EXERCISE: Print the records below exactly, from the line containing "Стол компьютерный Домино" down to the line containing "PopCut Staaten Louisiana", both lines included, and omit every picture.

======== SUPPLIED RECORDS

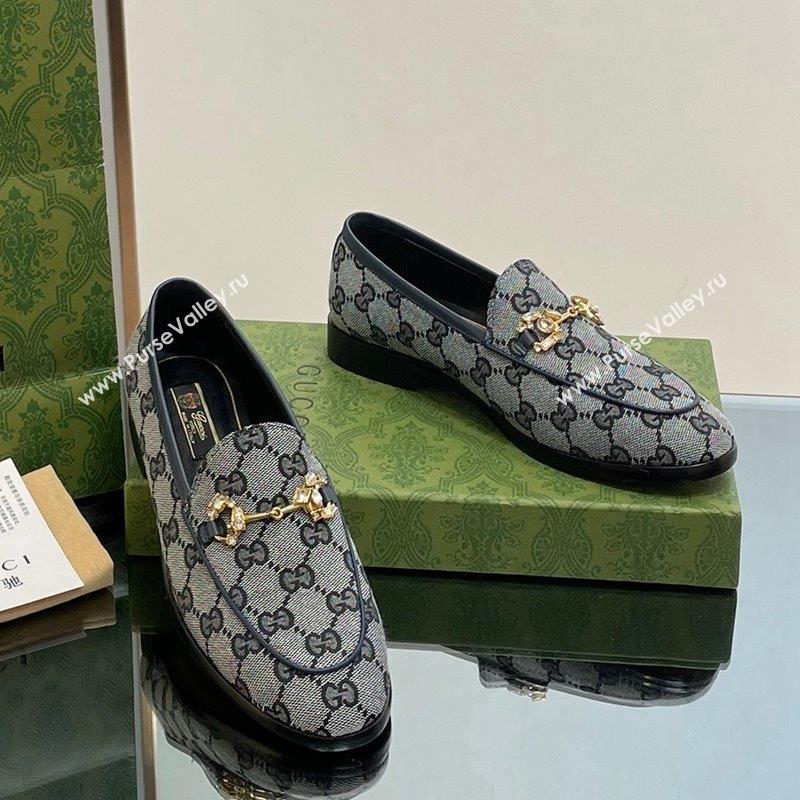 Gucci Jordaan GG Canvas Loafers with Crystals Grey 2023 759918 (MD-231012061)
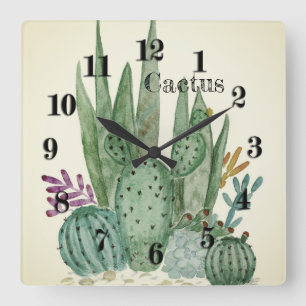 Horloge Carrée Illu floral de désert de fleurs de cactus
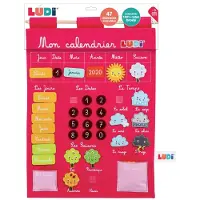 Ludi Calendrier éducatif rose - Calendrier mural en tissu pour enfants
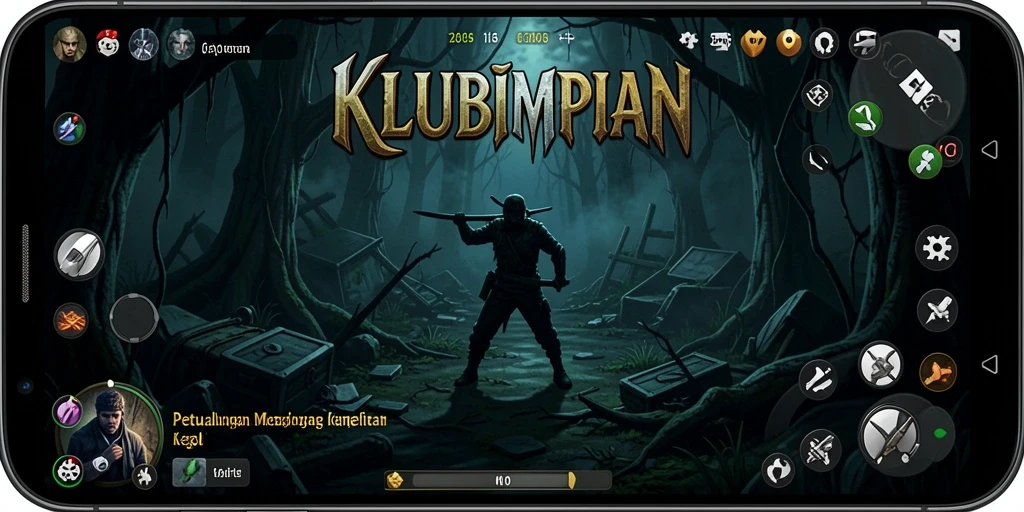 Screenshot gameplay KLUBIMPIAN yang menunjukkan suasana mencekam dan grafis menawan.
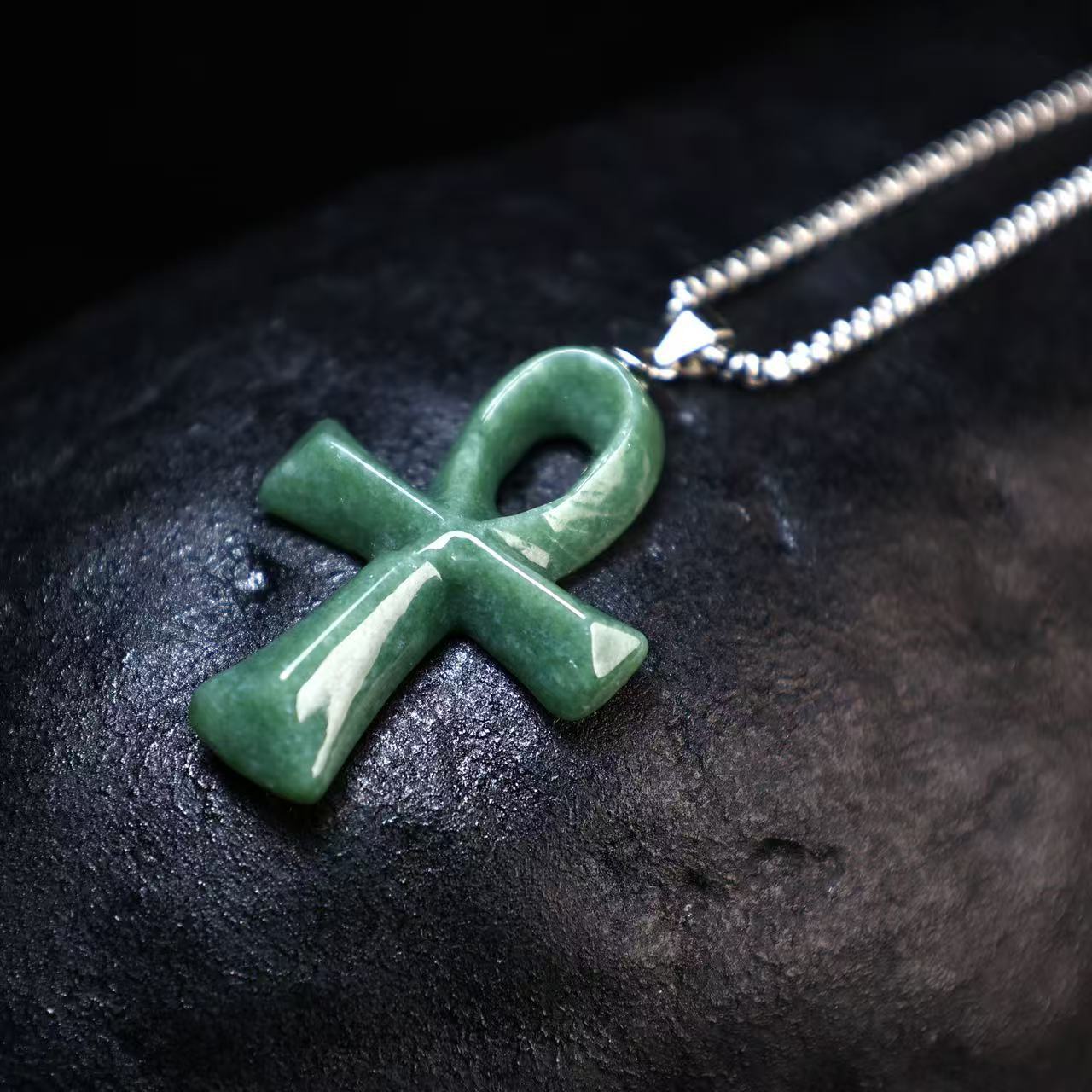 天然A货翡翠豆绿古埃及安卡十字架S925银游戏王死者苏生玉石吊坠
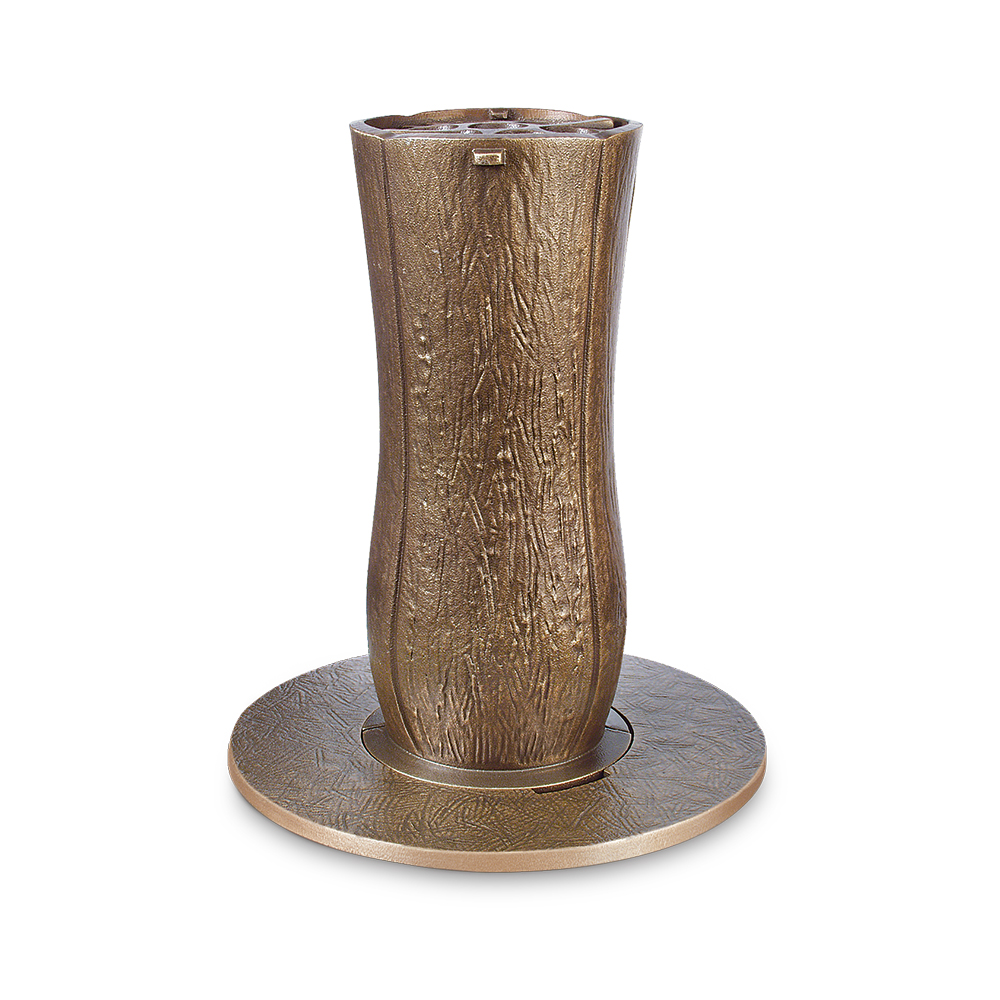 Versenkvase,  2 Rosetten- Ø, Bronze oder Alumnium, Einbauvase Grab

================
======== SUPPLIED RECORDS

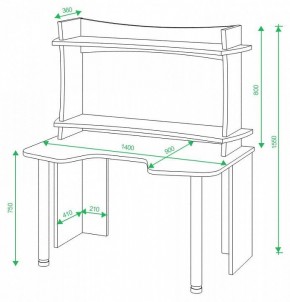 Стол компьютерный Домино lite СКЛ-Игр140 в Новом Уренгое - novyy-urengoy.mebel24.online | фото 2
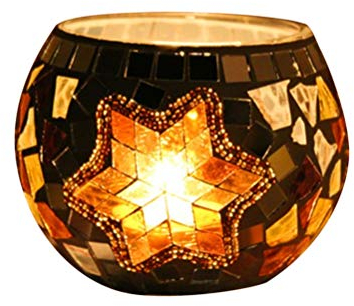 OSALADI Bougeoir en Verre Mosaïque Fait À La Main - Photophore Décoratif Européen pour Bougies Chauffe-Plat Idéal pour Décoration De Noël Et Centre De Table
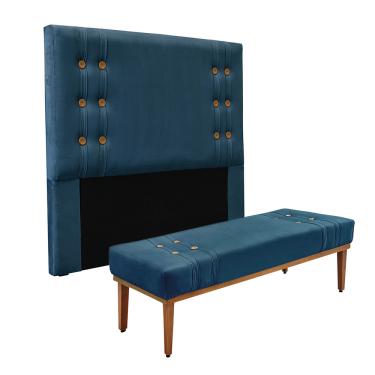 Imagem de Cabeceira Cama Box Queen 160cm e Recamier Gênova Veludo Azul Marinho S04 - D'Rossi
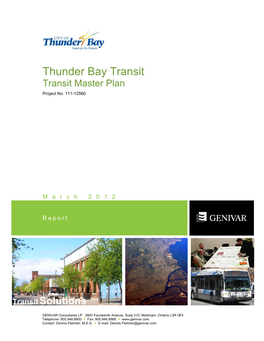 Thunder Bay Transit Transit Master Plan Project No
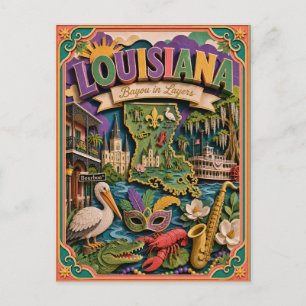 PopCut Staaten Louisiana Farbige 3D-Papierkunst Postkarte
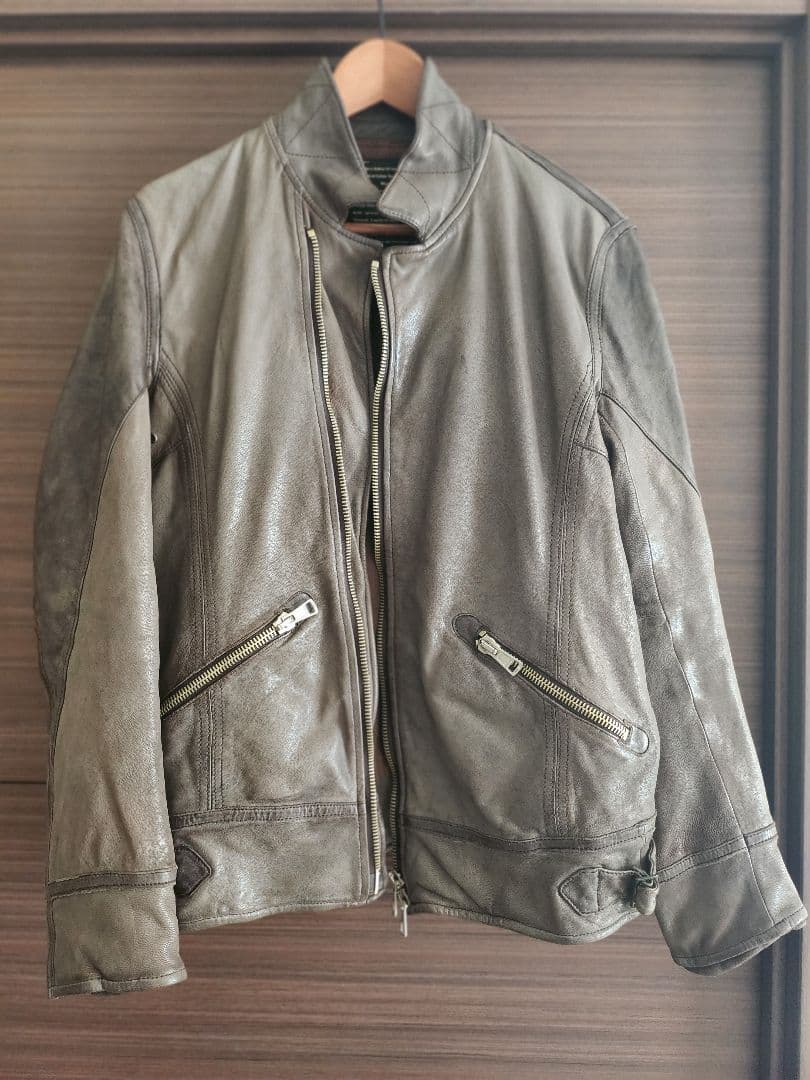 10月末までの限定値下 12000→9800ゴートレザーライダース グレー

================
======== SUPPLIED RECORDS

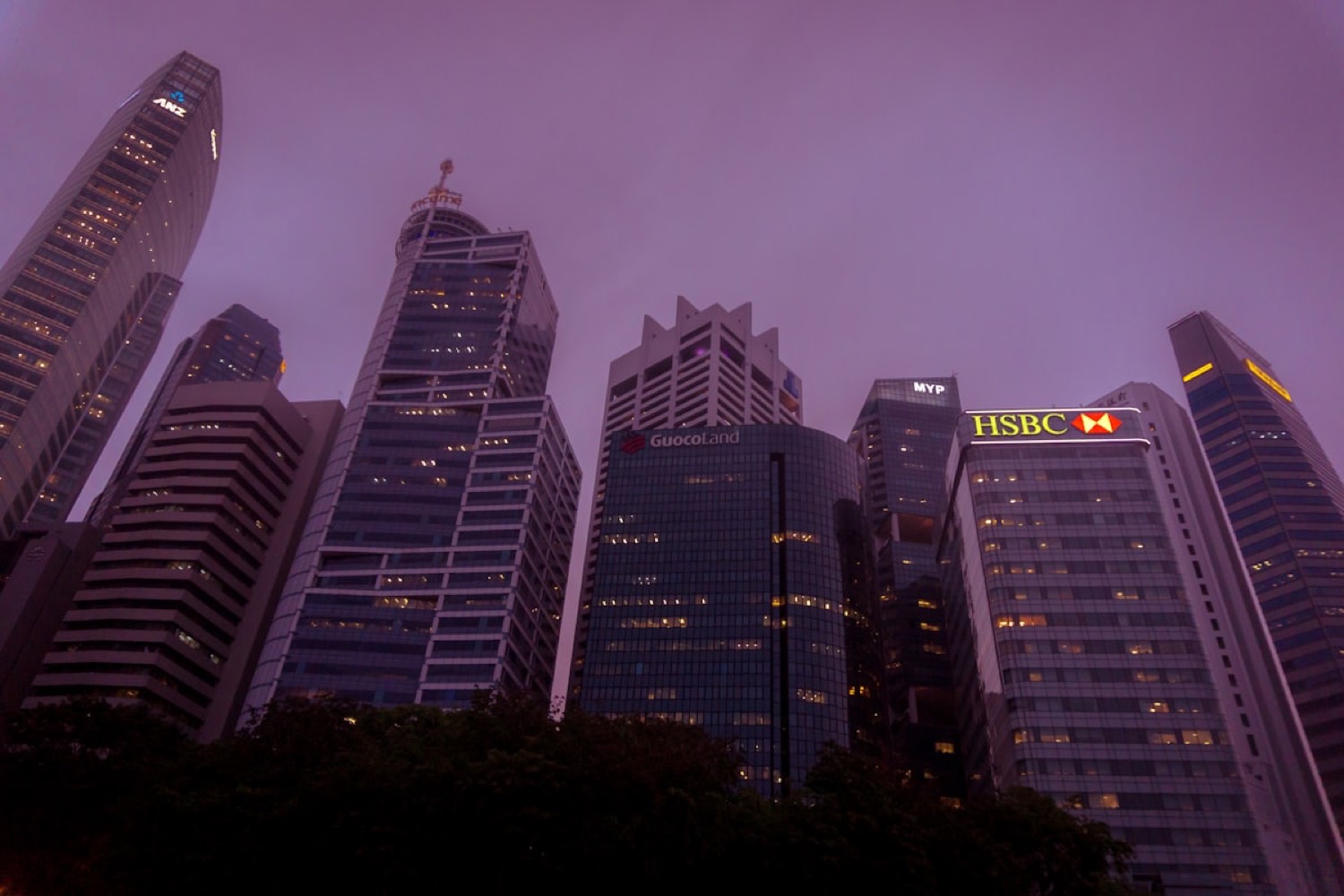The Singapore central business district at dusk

================

REPLY:
 Стол компьютерный Домино lite СКЛ-Игр140 в Новом Уренгое - novyy-urengoy.mebel24.online | фото 2
 OSALADI Bougeoir en Verre Mosaïque Fait À La Main - Photophore Décoratif Européen pour Bougies Chauffe-Plat Idéal pour Décoration De Noël Et Centre De Table
 Imagem de Cabeceira Cama Box Queen 160cm e Recamier Gênova Veludo Azul Marinho S04 - D'Rossi
 Thunder Bay Transit Transit Master Plan Project No
 PopCut Staaten Louisiana Farbige 3D-Papierkunst Postkarte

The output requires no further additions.